The second absence from the Bill is any mention of nuclear fusion, and I suspect that not many Members are aware of what is going on in that connection. The Minister of State shakes her head, and if she were to
intervene now, she would no doubt say, "Oh, that's 20 years away." Well, it will continue to be 20 years away, so long as we continue to fail to invest in it. Given that that is effectively nuclear power utopia, I cannot understand why we are not doing more to find something that would allow us to build only one more set of nuclear fission reactors before moving over to nuclear fusion. Nuclear fusion combines hydrogen, turning it into helium, creating water, so it is very safe: there is no radioactive material and there are no CO2 emissions, making it extremely clean. Yet we are doing nothing-no research, no discussion in the UK of how to move that debate forward. Scientists know that that power can be harnessed, but because it a long time in the future, the attitude is that it will not happen on our watch; I am afraid that that is not the right attitude.
As for coal, we have a supply, but as we have known for a long time, it is a big polluter. If we have known that for a long time, why are we only now coming to terms with the challenges, issues and benefits of carbon capture and storage? Again, it is all too late in the day.
Paddy Tipping: The hon. Gentleman will remember the project to develop clean coal technology at Grimesthorpe-but it was closed by the last Tory Government.
Mr. Ellwood: I repeat that that took place before I had the opportunity even to comment on it; I was still at school studying chemistry. The hon. Gentleman has been in the House for 10 years now, and this Government have been responsible for 10 years, so at what point do the Government finally stop using, "Oh, it was the last Government's fault," as an excuse to cover what they are not doing now. That debate is getting very old indeed.

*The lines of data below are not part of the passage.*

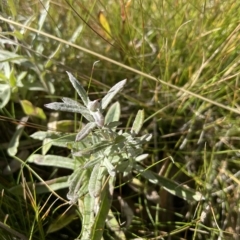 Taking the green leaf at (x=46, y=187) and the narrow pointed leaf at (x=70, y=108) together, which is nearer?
the narrow pointed leaf at (x=70, y=108)

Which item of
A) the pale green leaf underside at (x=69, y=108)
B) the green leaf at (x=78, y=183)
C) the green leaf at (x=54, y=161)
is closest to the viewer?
the pale green leaf underside at (x=69, y=108)

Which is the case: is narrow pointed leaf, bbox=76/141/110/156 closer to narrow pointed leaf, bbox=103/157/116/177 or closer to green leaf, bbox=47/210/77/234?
narrow pointed leaf, bbox=103/157/116/177

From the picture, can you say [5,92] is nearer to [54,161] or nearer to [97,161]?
[54,161]

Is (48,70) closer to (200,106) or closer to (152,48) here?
(152,48)

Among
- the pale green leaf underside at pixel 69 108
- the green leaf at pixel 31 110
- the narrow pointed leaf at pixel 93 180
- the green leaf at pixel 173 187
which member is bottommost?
the green leaf at pixel 31 110

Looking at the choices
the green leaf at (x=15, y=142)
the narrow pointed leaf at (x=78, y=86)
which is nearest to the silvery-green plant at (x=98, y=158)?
the narrow pointed leaf at (x=78, y=86)

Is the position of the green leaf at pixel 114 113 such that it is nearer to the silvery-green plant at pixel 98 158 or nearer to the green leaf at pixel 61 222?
the silvery-green plant at pixel 98 158

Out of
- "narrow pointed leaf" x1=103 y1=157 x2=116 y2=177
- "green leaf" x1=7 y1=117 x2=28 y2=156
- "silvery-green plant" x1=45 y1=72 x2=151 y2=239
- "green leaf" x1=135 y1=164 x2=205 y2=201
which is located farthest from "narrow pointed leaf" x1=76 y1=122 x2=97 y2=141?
"green leaf" x1=7 y1=117 x2=28 y2=156

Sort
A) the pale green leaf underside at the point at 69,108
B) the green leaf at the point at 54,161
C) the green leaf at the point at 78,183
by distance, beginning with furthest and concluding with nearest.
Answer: the green leaf at the point at 54,161, the green leaf at the point at 78,183, the pale green leaf underside at the point at 69,108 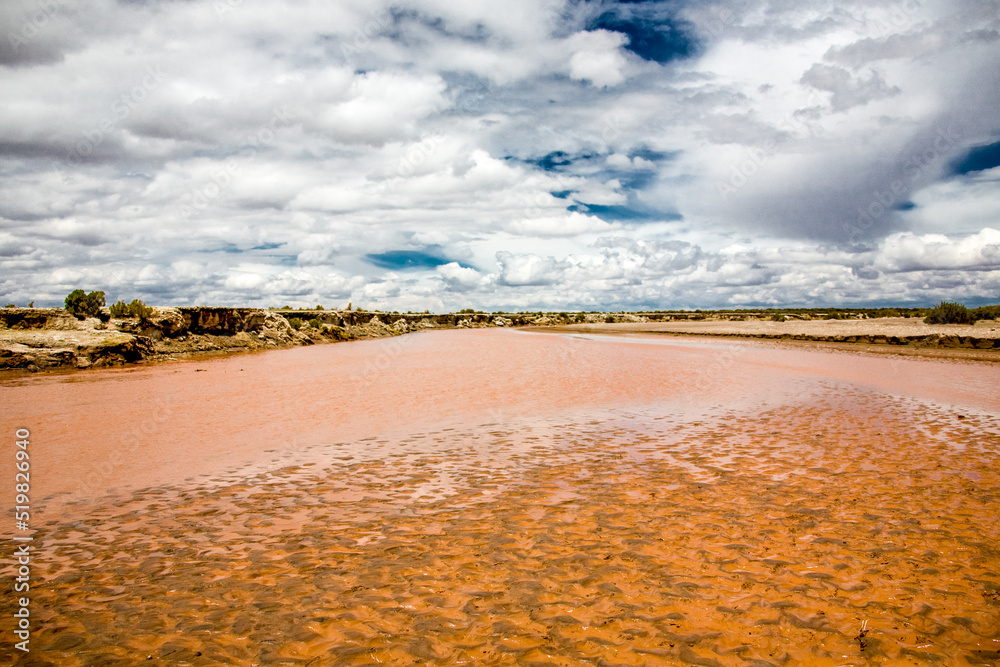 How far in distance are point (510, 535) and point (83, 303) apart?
2667 centimetres

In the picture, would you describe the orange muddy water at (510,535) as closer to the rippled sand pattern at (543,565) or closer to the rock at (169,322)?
the rippled sand pattern at (543,565)

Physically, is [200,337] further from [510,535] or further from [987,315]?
[987,315]

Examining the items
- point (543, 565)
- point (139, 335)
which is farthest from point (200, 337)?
point (543, 565)

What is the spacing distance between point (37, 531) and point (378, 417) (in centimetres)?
650

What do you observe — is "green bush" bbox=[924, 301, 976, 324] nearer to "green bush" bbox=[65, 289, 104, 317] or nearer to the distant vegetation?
the distant vegetation

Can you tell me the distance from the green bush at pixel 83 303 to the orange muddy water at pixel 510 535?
1391 cm

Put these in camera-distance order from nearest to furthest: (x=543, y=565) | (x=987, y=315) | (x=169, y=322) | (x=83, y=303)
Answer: (x=543, y=565)
(x=83, y=303)
(x=169, y=322)
(x=987, y=315)

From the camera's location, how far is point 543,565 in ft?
15.4

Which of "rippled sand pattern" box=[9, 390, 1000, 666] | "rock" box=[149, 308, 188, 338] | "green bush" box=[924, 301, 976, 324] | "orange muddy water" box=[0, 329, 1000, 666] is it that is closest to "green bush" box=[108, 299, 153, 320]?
"rock" box=[149, 308, 188, 338]

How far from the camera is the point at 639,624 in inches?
150

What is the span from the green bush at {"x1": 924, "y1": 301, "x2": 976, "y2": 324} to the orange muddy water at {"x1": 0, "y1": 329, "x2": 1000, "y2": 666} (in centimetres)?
3730

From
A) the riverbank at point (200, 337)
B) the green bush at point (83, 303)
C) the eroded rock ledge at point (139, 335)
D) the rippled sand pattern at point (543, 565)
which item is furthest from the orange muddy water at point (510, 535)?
the green bush at point (83, 303)

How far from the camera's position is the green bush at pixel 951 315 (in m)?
39.7

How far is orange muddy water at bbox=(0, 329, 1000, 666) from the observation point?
12.0ft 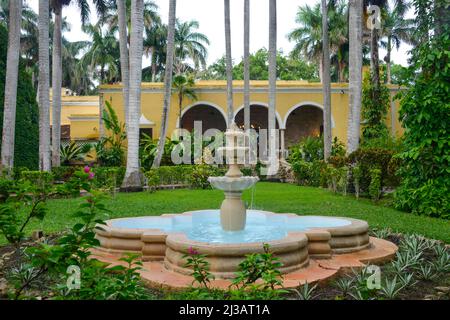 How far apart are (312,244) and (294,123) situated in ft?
73.4

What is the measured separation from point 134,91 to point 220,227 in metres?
8.86

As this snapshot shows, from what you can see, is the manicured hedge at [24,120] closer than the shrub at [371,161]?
No

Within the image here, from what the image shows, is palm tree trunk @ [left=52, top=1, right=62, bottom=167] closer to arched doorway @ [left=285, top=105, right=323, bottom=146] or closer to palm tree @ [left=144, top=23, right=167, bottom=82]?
arched doorway @ [left=285, top=105, right=323, bottom=146]

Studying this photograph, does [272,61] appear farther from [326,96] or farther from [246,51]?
[326,96]

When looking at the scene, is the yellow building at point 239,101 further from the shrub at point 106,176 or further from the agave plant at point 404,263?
the agave plant at point 404,263

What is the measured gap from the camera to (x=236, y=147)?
591cm

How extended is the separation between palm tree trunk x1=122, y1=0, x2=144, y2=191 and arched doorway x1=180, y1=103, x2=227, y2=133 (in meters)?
11.8

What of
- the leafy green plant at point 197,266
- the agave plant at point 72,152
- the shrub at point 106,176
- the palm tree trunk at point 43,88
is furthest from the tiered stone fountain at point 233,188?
the agave plant at point 72,152

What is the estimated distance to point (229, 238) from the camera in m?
5.53

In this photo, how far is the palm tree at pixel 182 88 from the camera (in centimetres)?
2273

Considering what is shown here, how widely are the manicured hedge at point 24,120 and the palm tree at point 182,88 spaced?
728 centimetres

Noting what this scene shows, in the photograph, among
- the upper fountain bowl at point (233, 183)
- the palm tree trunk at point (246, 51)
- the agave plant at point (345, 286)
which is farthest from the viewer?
the palm tree trunk at point (246, 51)

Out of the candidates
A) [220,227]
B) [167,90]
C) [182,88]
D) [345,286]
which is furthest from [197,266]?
[182,88]

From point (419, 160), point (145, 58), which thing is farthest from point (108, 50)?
point (419, 160) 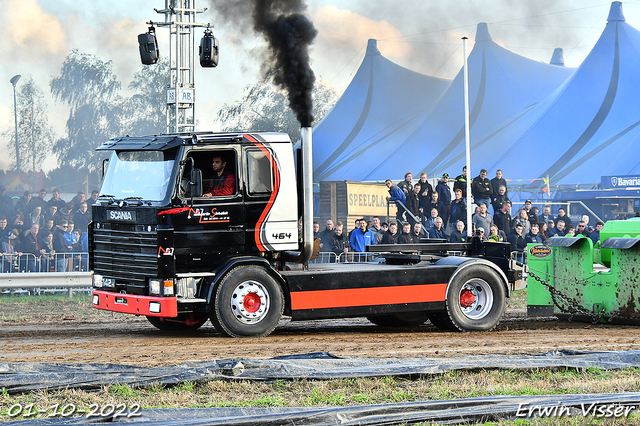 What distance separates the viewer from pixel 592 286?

I put it to the Minister that the levy that the Bill introduces will penalise the entire industry, including those who do not produce any CO2 emissions. Would it not be an incentive for the producers of electricity and energy-and, indeed, the consumers-to move over to greener forms if they knew that they would not then have to pay the levy? I am ready to give way to the Minister to explain, but it does not look as if she is going to intervene. We will wait for her summing up.

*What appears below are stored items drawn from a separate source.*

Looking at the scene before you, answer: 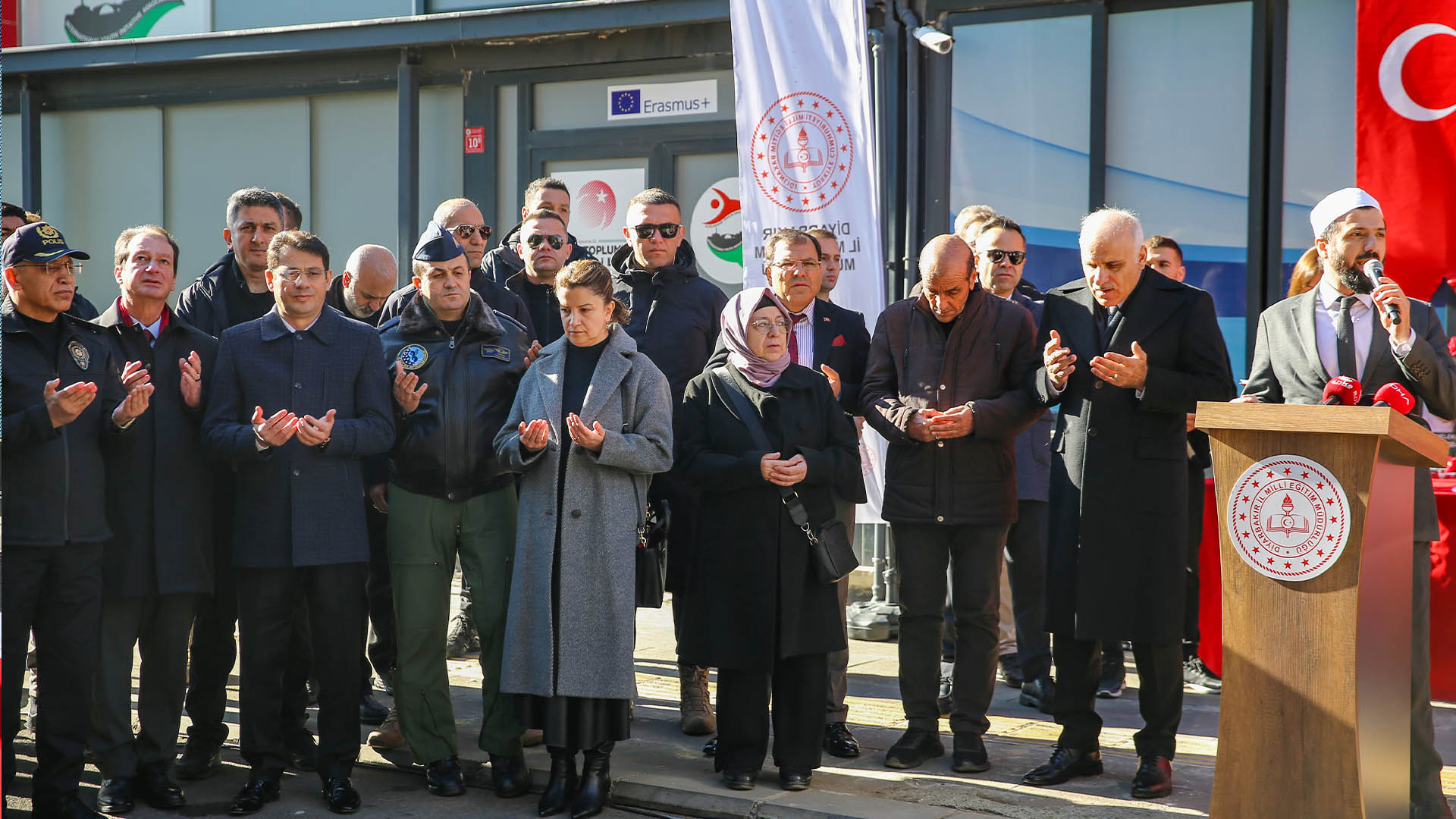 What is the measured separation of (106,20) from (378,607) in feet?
23.3

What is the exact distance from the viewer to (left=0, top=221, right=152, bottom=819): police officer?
4.86 meters

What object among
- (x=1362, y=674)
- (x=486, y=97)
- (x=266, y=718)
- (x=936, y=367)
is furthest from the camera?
(x=486, y=97)

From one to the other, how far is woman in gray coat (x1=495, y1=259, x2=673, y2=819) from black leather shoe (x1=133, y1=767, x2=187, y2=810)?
1.26 m

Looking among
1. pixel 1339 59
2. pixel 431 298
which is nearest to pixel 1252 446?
pixel 431 298

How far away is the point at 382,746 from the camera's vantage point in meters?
5.98

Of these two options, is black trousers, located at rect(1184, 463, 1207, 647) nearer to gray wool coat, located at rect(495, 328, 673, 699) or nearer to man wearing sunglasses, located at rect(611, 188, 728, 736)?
man wearing sunglasses, located at rect(611, 188, 728, 736)

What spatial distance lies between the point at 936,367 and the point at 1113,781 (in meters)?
1.72

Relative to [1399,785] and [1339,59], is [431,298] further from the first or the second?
[1339,59]

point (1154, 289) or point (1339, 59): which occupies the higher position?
point (1339, 59)

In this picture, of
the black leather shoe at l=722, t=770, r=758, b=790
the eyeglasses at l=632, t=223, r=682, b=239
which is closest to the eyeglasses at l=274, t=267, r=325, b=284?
the eyeglasses at l=632, t=223, r=682, b=239

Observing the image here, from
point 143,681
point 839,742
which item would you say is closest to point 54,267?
point 143,681

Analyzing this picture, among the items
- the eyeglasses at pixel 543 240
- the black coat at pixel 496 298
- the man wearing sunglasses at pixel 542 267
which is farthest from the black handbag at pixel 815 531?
the eyeglasses at pixel 543 240

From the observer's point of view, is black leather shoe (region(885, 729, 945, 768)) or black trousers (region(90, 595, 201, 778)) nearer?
black trousers (region(90, 595, 201, 778))

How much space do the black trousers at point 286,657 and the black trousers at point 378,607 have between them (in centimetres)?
100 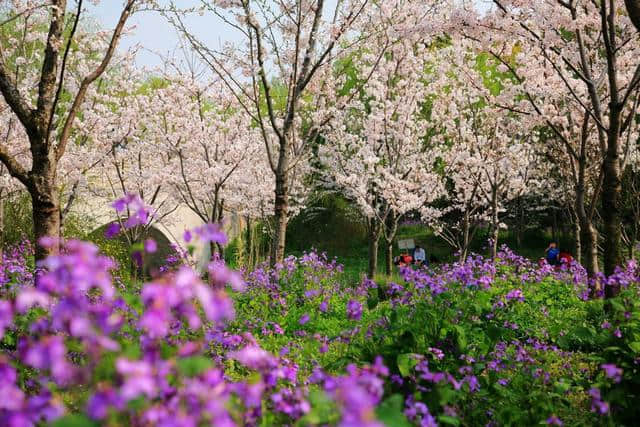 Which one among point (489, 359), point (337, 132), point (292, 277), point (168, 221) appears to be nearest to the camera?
point (489, 359)

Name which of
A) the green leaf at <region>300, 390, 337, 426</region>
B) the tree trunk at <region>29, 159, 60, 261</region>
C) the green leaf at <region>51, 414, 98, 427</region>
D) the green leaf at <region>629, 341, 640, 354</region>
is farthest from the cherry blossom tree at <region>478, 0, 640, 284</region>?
the green leaf at <region>51, 414, 98, 427</region>

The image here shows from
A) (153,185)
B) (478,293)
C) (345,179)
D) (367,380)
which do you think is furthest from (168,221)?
(367,380)

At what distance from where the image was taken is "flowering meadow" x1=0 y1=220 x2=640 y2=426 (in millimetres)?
1337

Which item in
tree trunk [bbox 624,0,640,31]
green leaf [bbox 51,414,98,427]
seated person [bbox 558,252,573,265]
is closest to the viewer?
green leaf [bbox 51,414,98,427]

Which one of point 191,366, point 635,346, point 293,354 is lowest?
point 293,354

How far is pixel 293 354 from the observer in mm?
5141

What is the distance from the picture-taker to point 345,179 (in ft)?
40.5

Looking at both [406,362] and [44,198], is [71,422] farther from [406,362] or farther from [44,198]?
[44,198]

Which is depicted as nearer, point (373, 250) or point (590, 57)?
point (590, 57)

Finally, on renewables, the point has been made that we have managed to increase our capability in the UK by only 0.3 per cent. There are more imaginative ways of using renewables. The point has been made that there are so many buildings-council-owned buildings and other public buildings-that would readily provide a place for wind turbines of varying sizes, in order to increase our contribution. Those are not all Tory council town halls either, as there are myriad places where we could do that. That is the approach that we need.
To have 10,000 wind turbines by 2020 is a fantastic target, but this Government did not manage to save a major wind turbine company close to my constituency, in the Isle of Wight. What a shame that it has now gone out of business. I am afraid that this provides another example of people upping sticks and moving out of this country: their experience, technology and resources have now left these shores.